UK aims to avoid nuclear subsidy in electricity market reform - minister
The UK government will "almost certainly" vary its planned low-carbon generation incentives according to technology, energy minister Charles Hendry told ICIS Heren, challenging claims that the new measure could be used to subsidise nuclear electricity generation.
The UK's primary low-carbon power generation incentive measure will be unveiled as part of the government's electricity market reform package. The financial instrument, known as a feed-in tariff (FiT) with contracts for difference (CfD) is the government's preferred means of incentivising investment in low-carbon power generation, by providing long-term electricity price security.

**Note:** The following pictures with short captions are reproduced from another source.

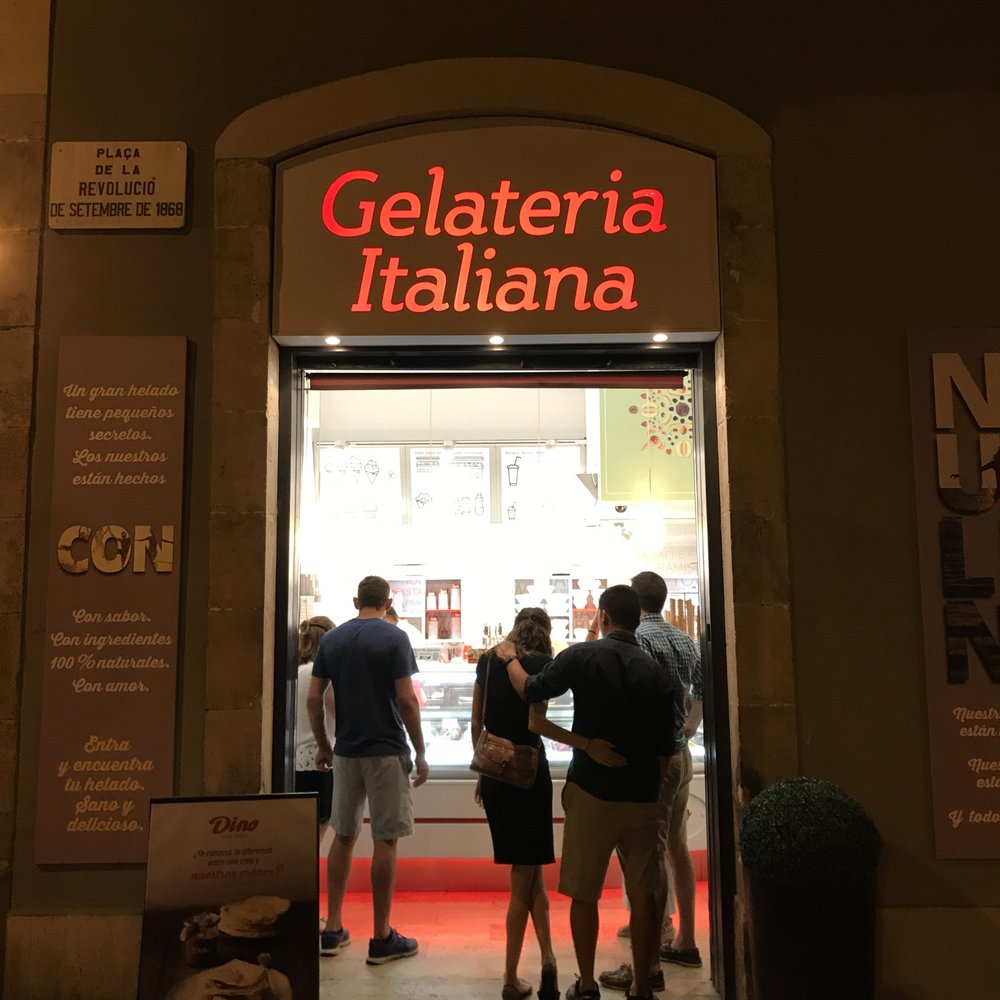 Dino - Outside - Ice Cream & Frozen Yogurt Near Me - Barcelona, B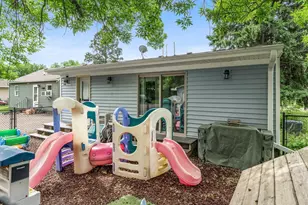918 Maple Ave E, Mora, MN 55051 - Photo 28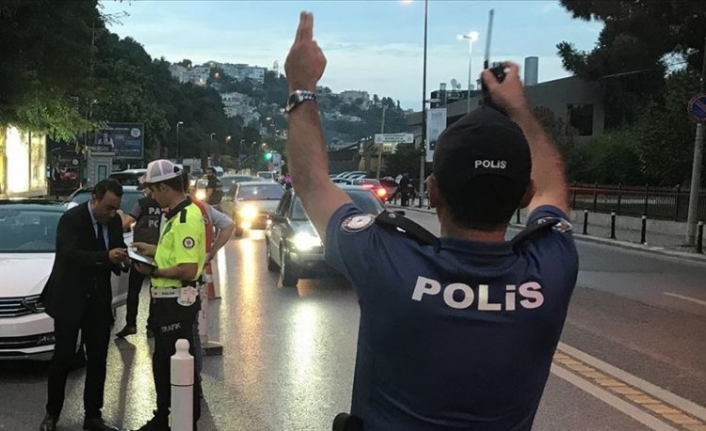 İstanbul'da asayiş uygulamasında 215 kişi gözaltına alındı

Speaking at a Confederation of British Industries conference, Hendry confirmed to ICIS Heren: "The contracts for difference is a way of giving support to all low-carbon technologies. It will be set at different levels for different technologies - it will almost certainly be set at a higher level for renewable technologies than it will be for nuclear."
But it was not known until Tuesday whether the level of support under the FiT would be flat for all low-carbon technologies, or vary according to technology type.
The FiT model has come under intense criticism in recent weeks, most notably from the parliamentary energy and climate change committee, which said that the Department of Energy and Climate Change (DECC) had distorted its plans to "save political face" over implicit subsidies for nuclear power (see EDEM 16 May 2011).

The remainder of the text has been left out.